• **Data for analysis**:
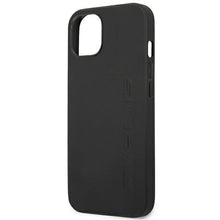 Заредете изображение във визуализатора на галерията – AMG AMHCP14SDOLBK iPhone 14 6.1 "black / black hardcase Leather Hot Stamped - TopMag
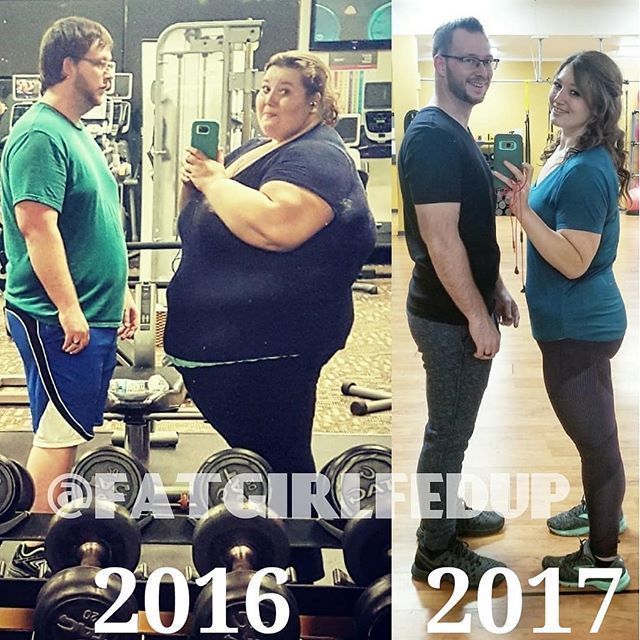 减肥前后差异。图片来源Instagram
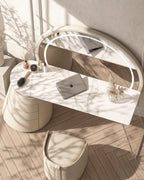 Bellano LED Dressing Table with Full-Length Mirror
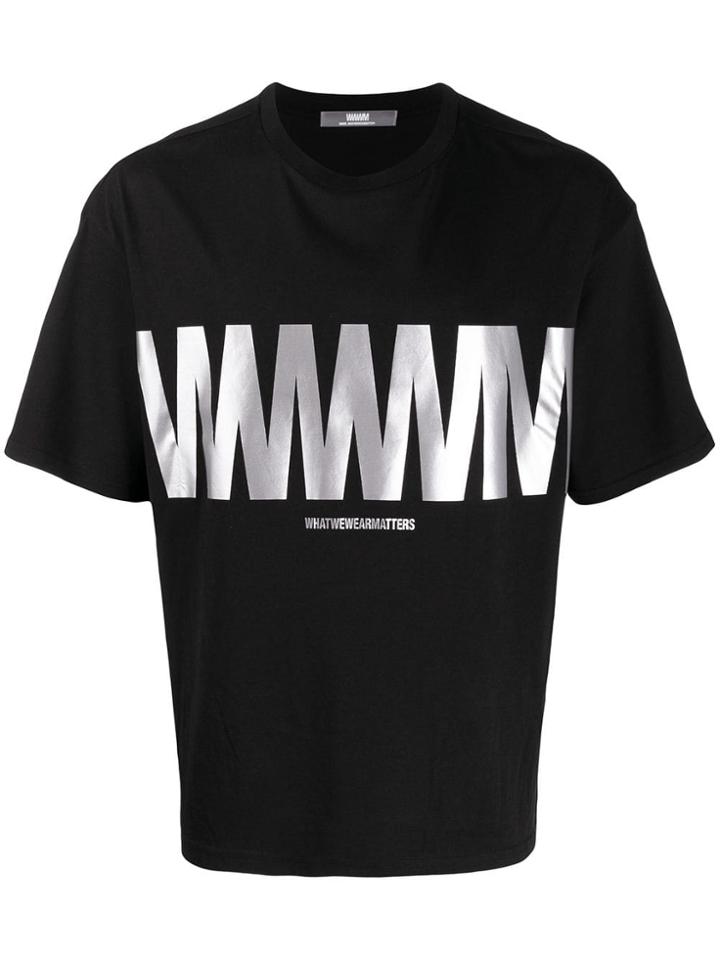 Wwwm Logo Print T-shirt - Black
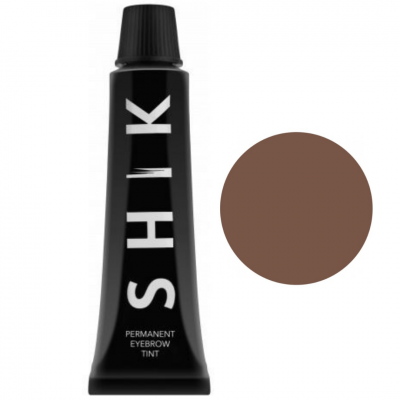 SHIK PRO BROW BAR, Краска для бровей и ресниц Теплый коричневый, 15мл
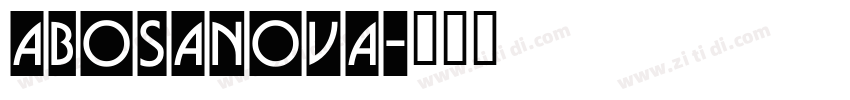 ABosaNova字体转换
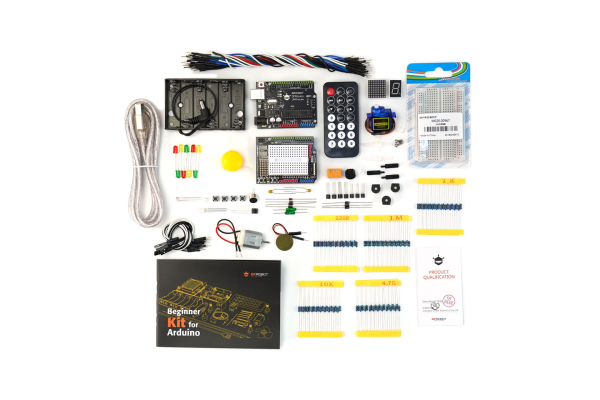 Beginner Kit for Arduino, DFRobot, 15 Projects, UNO R3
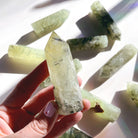 Prehnite with Epidote Lil Tower - Baltic Mermaid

• **Exercise details**:
The full listing, transcribed exactly and without its pictures, is the expected result.

• **Answer to this problem**:
 Заредете изображение във визуализатора на галерията – AMG AMHCP14SDOLBK iPhone 14 6.1 "black / black hardcase Leather Hot Stamped - TopMag
 减肥前后差异。图片来源Instagram
 Bellano LED Dressing Table with Full-Length Mirror
 Wwwm Logo Print T-shirt - Black
 SHIK PRO BROW BAR, Краска для бровей и ресниц Теплый коричневый, 15мл
 ABosaNova字体转换
 Beginner Kit for Arduino, DFRobot, 15 Projects, UNO R3
 Prehnite with Epidote Lil Tower - Baltic Mermaid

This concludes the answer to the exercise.